Names Database Manager

Author: Daniel Needham (daniel.needham@manchester.ac.uk)

Overview

The Names Database Manager library provides an interface to a given Names Database instance in a standardised and consistent way.

The library provides a number of types that extend the normalised data types found in the Names Disambiguation library, adding a number of features including the ability to track them within the database instance, and the ability to serialise and deserialise a records attributes within the main record table (see Notes).

The library also provides functionality to search over a Names Database instance, and to update records within the database.

The Names Disambiguation library is intentionally abstracted from the Names Database Manager library as much as possible so that the underlying data is independent from the disambiguation that created it.

Dependencies

The Names Database Manager is a maven managed Java application. Its dependencies are:

  1. Log4J
    • This should be picked up from maven's central repository
  2. names-disambiguator
    • This currently needs to be downloaded from here and added to your local maven repository
  3. Mysql-connector-java
    • This should be picked up from maven's central repository

Example usage

// Create a new connection to a Names Database instance
// This can be reused across queries
DatabaseManager dm = new DatabaseManager(driver, database, username, password).connect();

// Build a query
Query query = new Query();
query.setNames("Smith OR Brown");
query.setGetCount(true);

// Execute the query
Response response = dm.find(query);

// Check a reponse code
// Change information
// Update the database

if(response.getStatus == Response.OK 
    && response.getResults().getCount() > 0){
    NamesRecord n = response.getResults().first();  // get first result
    Name newName = new Name();                      // add a new name
    newName.setChars("J. Smith");
    n.addName(newName);
    dm.addUpdate(response.getResults().getRecords());  // update
}

// Close the database connection
dm.close();

Notes

Currently the database manager interacts with a Names database instance using the standard JDBC API.

In the Names data architecture an entity (individual or institution) can have lots of attributes associated with it, and must be searchable over many of these attributes in conjunction.
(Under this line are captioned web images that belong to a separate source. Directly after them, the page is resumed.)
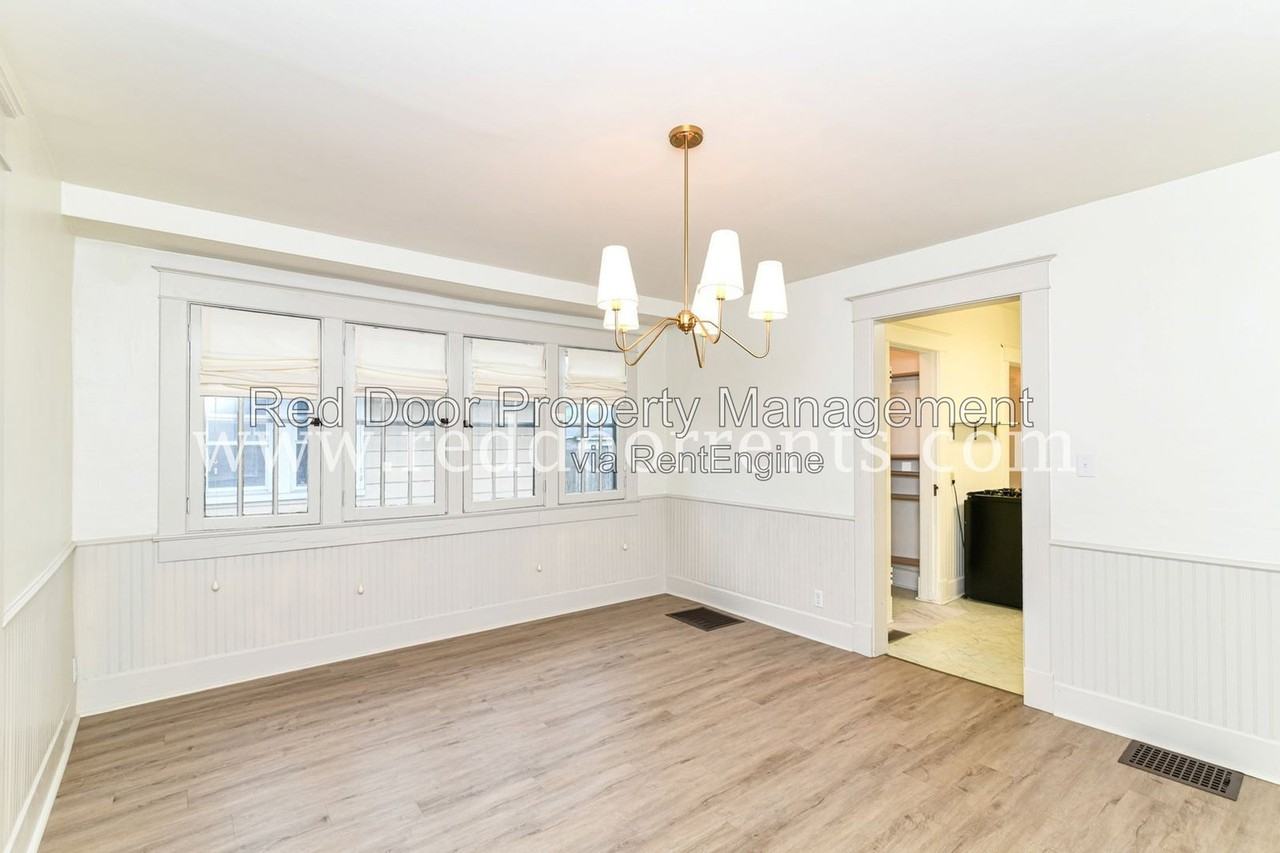 1028 N Kealing Ave - Photo 7 of 26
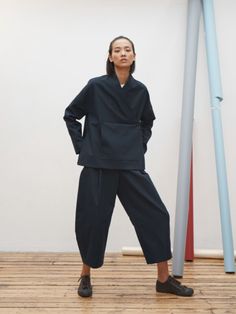 19S/S STUDIO NICHOLSON WOMENS LOOKBOOK / 스튜디오 니콜슨 / 1LDK / 원엘디케이 / 1LDK SEOUL / 원엘디케이 서울 : 네이버 블로그 Minimalist Moda, Studio Nicholson, Minimalist Capsule Wardrobe, Woman Suit Fashion, Looks Black, Japan Fashion, Suit Fashion, Maternity Clothes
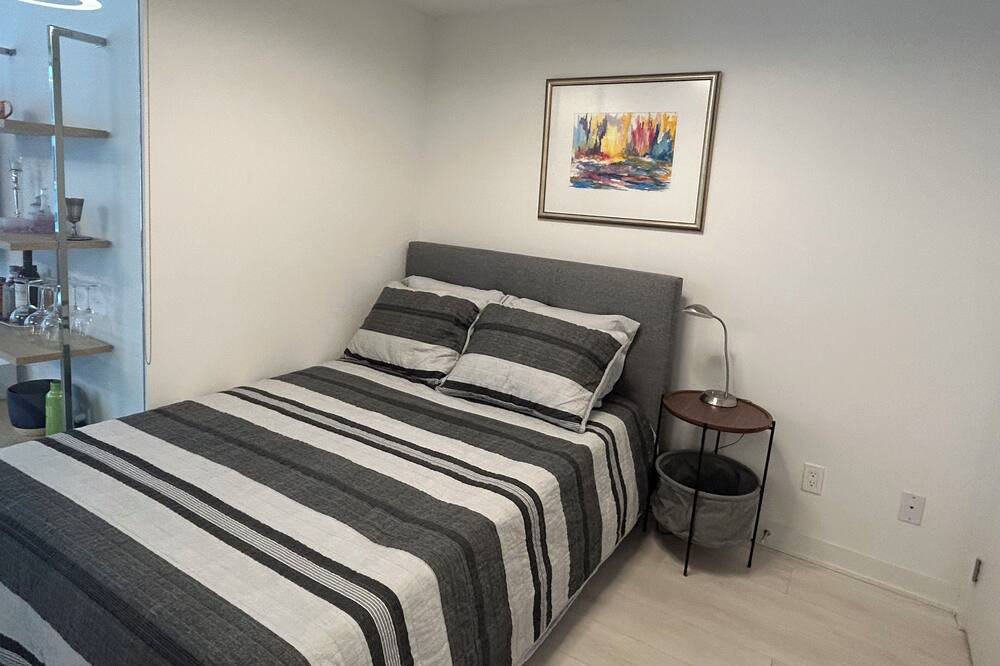 Photo of Bedroom in Bloor-Yorkville
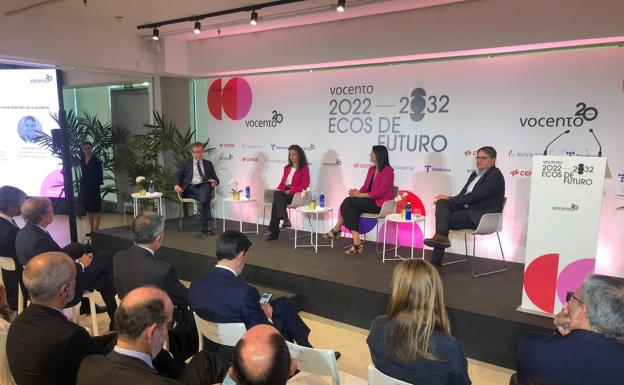 De derecha a izquierda, Javier Malpesa (Novartis), Elena Gil (Telefónica Tech), Carmen de Pablo (Cepsa) y Manuel Álvarez (El Correo) 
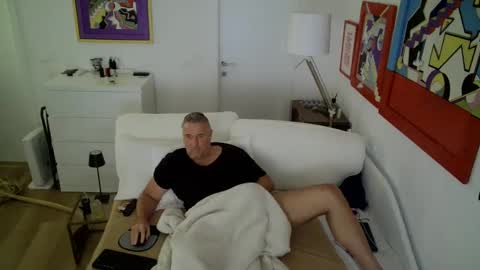 camunication online show from February 17, 9:24 am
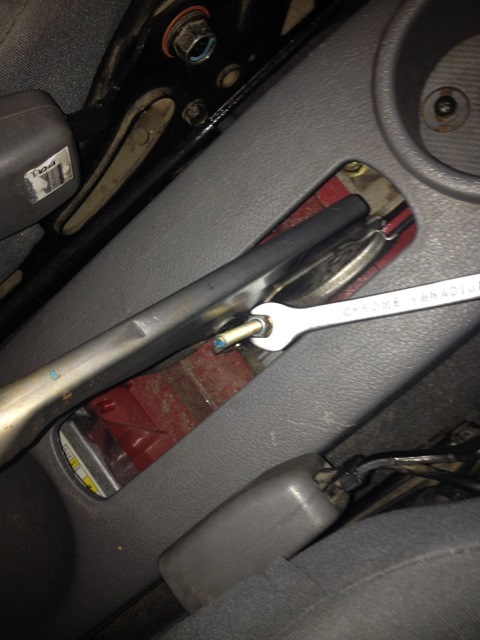 Стояночный тормоз — Chevrolet Aveo Sedan (1G), 1,4 л, 2011 года ...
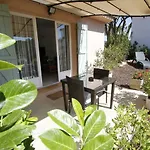 Le Mas Du Soleil Apartment *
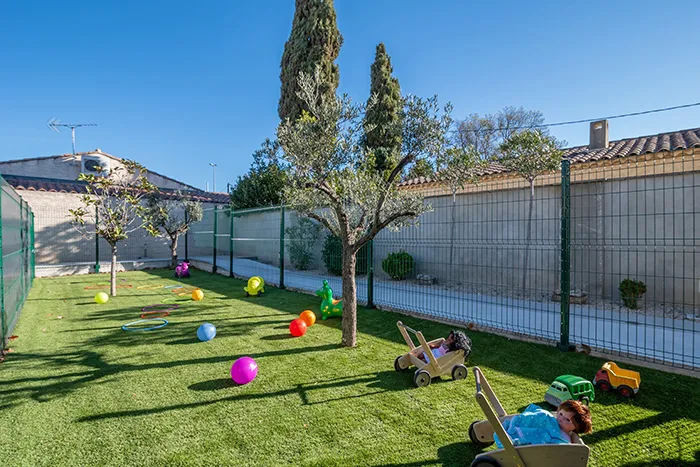 Jardin extérieur de la micro-crèche Les Malicieux de Bel Air à Salon-de-Provence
For performance reasons (both for insertion and retrieval) it was determined that full database normalisation would not be especially performant, especially with potentially millions of identified individuals each with hundreds of related attributes.

Instead entity attributes are serialised into columns in a main record table, and then summary tables are populated with the attributes that can be searched over.

For this reason it was difficult to find an ORM framework that would neatly fit this paradigm, and it was also difficult to judge how well an ORM would scale up given these conditions. That said, further investigation might reveal that the database manager could be adapted to use an ORM such as Spring or Hibernate.